_ENTRIES SUPPLIED:_
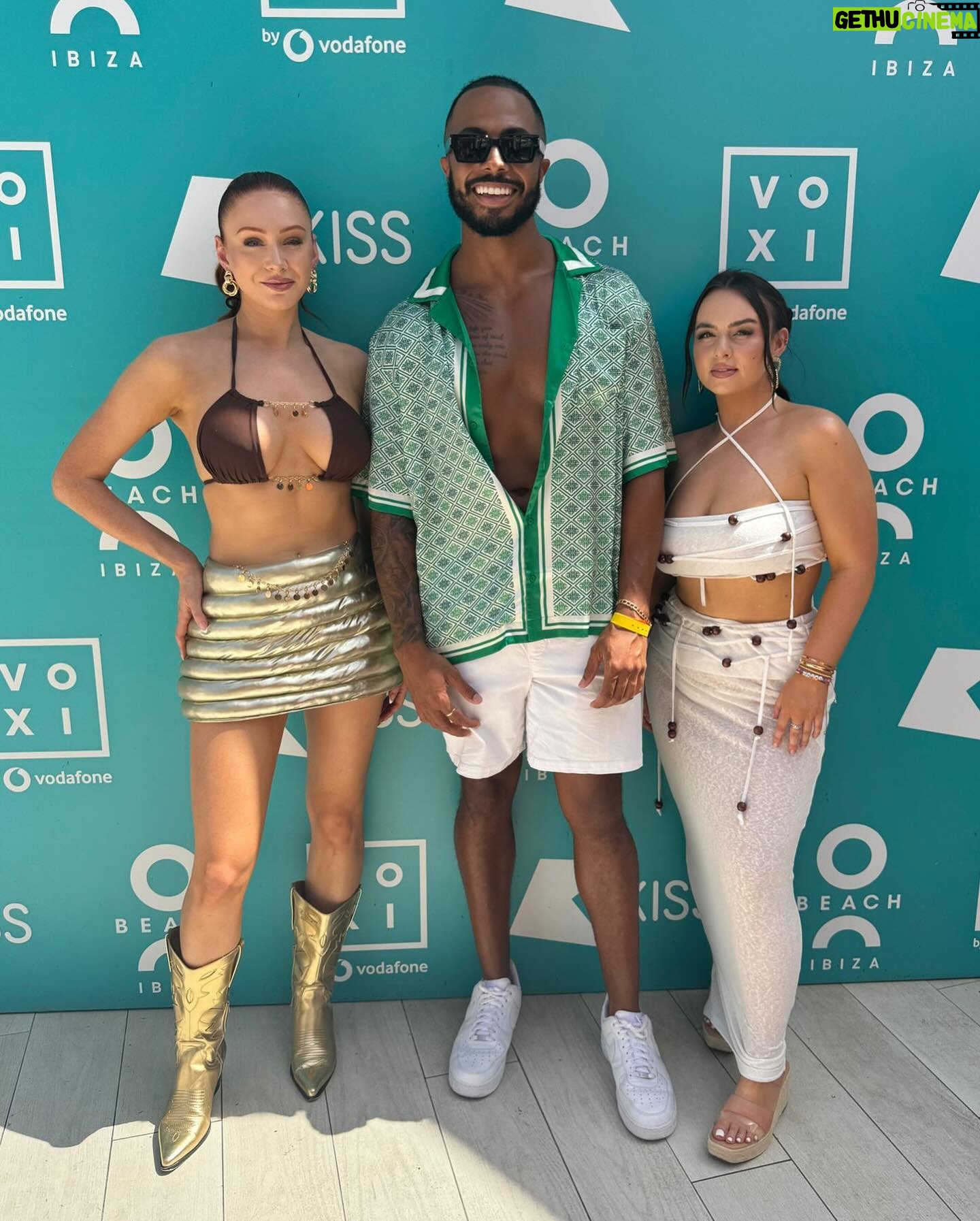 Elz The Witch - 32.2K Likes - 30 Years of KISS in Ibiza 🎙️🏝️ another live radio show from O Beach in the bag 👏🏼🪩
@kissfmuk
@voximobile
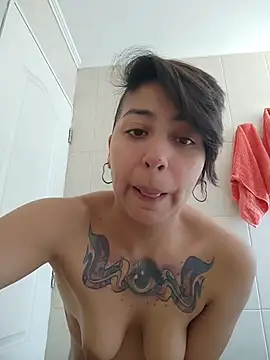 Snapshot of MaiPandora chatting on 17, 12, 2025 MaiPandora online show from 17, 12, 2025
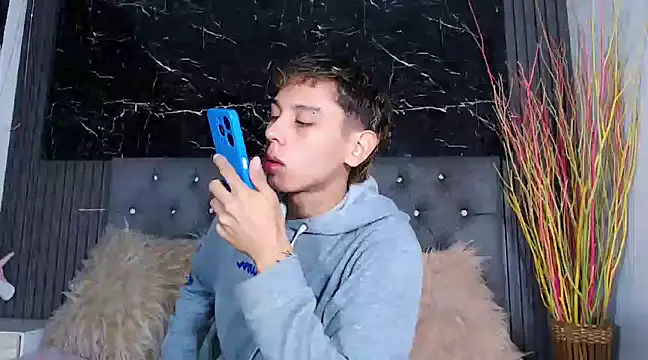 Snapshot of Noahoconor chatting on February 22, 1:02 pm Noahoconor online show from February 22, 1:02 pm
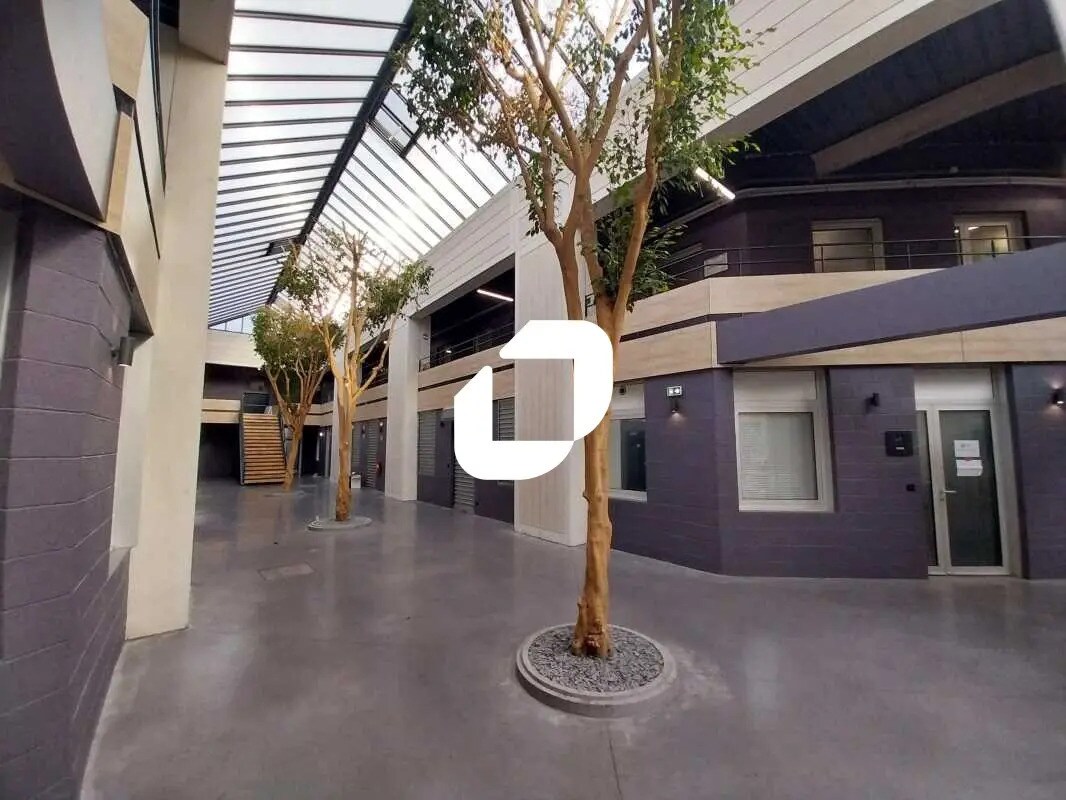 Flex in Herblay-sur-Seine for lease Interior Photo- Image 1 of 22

--

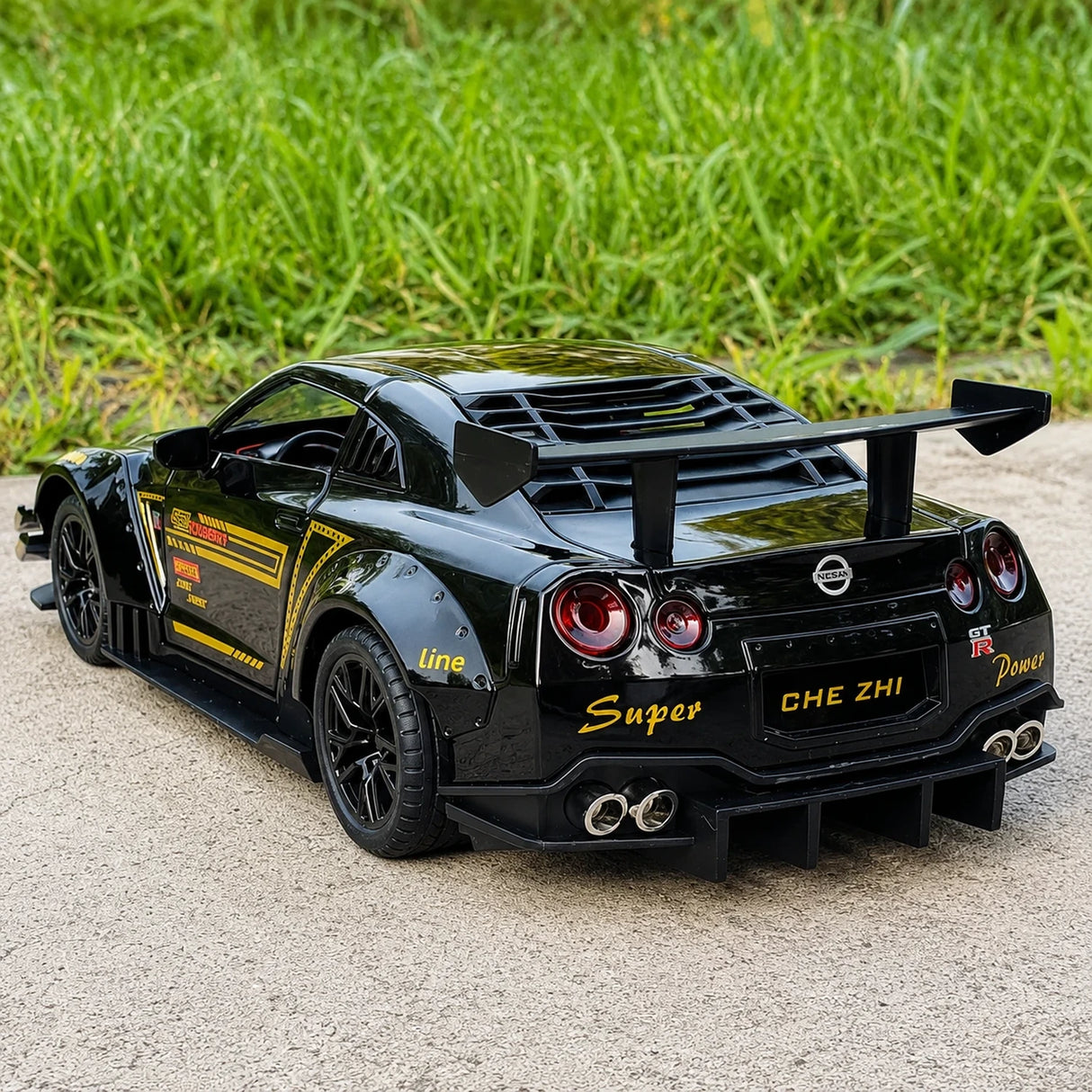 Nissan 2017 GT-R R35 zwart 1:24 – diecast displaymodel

_WHAT IS EXPECTED:_
Everything above from the line with "Snapshot of Noahoconor" through the line with "Flex in Herblay-sur-Seine" should be retyped exactly, and nothing else; omit pictures.

_TASK RESPONSE:_
 Snapshot of Noahoconor chatting on February 22, 1:02 pm Noahoconor online show from February 22, 1:02 pm
 Flex in Herblay-sur-Seine for lease Interior Photo- Image 1 of 22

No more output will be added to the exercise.